Als Soundtrack zum Interview hier eine Playlist mit Musik vom Haldern Pop.
https://soundcloud.com/martha-pfahl-5/sets/ein-zwei-kommen-und-gehen
Martha Sengteller: Hallo Stefan, ich habe in mehreren Interviews gehört, dass ihr mit einer kleinen Dorffeier angefangen habt, mit 14 Messdienern. Mich würde interessieren, wie sieht heute euer Team aus, wer ist der engere Kreis der Beteiligten und was sind die jeweiligen Aufgaben, die alle Personen haben?
Stefan Reichmann: Der engere Kreis, die soziale Software für dieses Festival, ist der Familienstruktur entnommen. Wir sind kein Verein. Wir wollten nie Reglementierungen und zwei Euro für nicht geputzte Schuhe. Sondern das sollte immer in der Gruppe spürbar sein, ob wir dieses Festival wollen oder nicht. Das ist nicht die Entscheidung von einem, ob wir dieses Festival machen, sondern die gemeinsame Entscheidung, auch vom Gefühl her. […] Die Basis ist immer: Warum machen wir Festival? Es gibt ja einen Grund, dieses Festival zu machen und ich glaube, der muss immer wieder im Mittelpunkt stehen. Die Idee, dieses Festival zu machen; ich bin mal gefragt worden, warum dieses Festival entstanden ist oder aus welcher Situation heraus. Ich glaube, das ist ein bisschen so, wie ich mir die Rote und die Blaue von den Beatles gekauft habe.1 Ich hab mir die angehört und fand die fantastisch und bin dann voller Vorfreude zu einem Freund gefahren und habe dem die besten Stellen vorgespielt. Ein Festival ist, dass man Leuten gute Musik vorspielt, vorspielen möchte und die für gute Musik begeistern möchte. Das ist immer auch so eine Begeisterungsgeschichte.
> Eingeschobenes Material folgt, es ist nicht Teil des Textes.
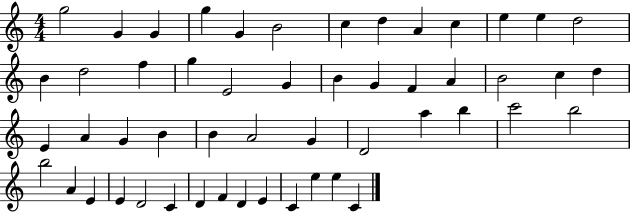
G5/h G4/q G4/q G5/q G4/q B4/h C5/q D5/q A4/q C5/q E5/q E5/q D5/h B4/q D5/h F5/q G5/q E4/h G4/q B4/q G4/q F4/q A4/q B4/h C5/q D5/q E4/q A4/q G4/q B4/q B4/q A4/h G4/q D4/h A5/q B5/q C6/h B5/h B5/h A4/q E4/q E4/q D4/h C4/q D4/q F4/q D4/q E4/q C4/q E5/q E5/q C4/q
Dieses Festival machen wir hier, um für Musik zu begeistern. Das ist das zentrale Thema. Das muss immer mal ein bisschen nachjustiert werden. In den letzten Jahren, weil es erfolgreicher wird, muss man sich vor anderen Dingen schützen. Dann wollen Leute das größer machen, dann wollen Leute das effektiver machen. Dann muss man aufpassen, dass man das Wesentliche des Festivals behält. Wenn dann ein großer Sponsor kommt und bietet einem viel Geld, dann muss man aufpassen, dass man die eigentliche Idee oder das Geheimnis, die Seele des Festivals, nicht verkauft. Man muss aufpassen, dass man nicht pleite geht, aber man muss auch aufpassen, dass man die eigentliche Idee nicht verkauft. Und dass alle in einem gewissen Tempo die Begeisterung und den Spaß miterleben können und auch teilen.
M.S.: Also ist es sinnvoll Prozesse, die optimierbar sind, teilweise bewusst nicht zu optimieren, um A das Gefühl aufrecht zu erhalten und B alle Menschen mitzuziehen?
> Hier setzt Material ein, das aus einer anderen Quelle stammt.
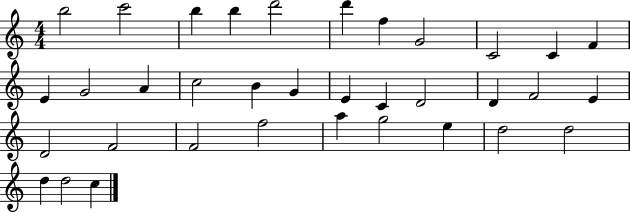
X:1
T:Untitled
M:4/4
L:1/4
K:C
b2 c'2 b b d'2 d' f G2 C2 C F E G2 A c2 B G E C D2 D F2 E D2 F2 F2 f2 a g2 e d2 d2 d d2 c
S.R.: Nicht dem Diktat der Effizienz unterwerfen. Wir haben nicht das Prinzip, wie Volkswagen einen Golf baut. Da gibt es jede Menge Betriebswirte, die drum herum sitzen und sagen wie man den nächsten Golf billiger bauen kann. Und dann vermeintlich glauben, er ist dann doch schneller aber vielleicht ist er nicht besser.
M.S.: Du hast gesagt, du bist auch für das Booking verantwortlich. Denkst du bei der Entstehung des Festivals an das Publikum?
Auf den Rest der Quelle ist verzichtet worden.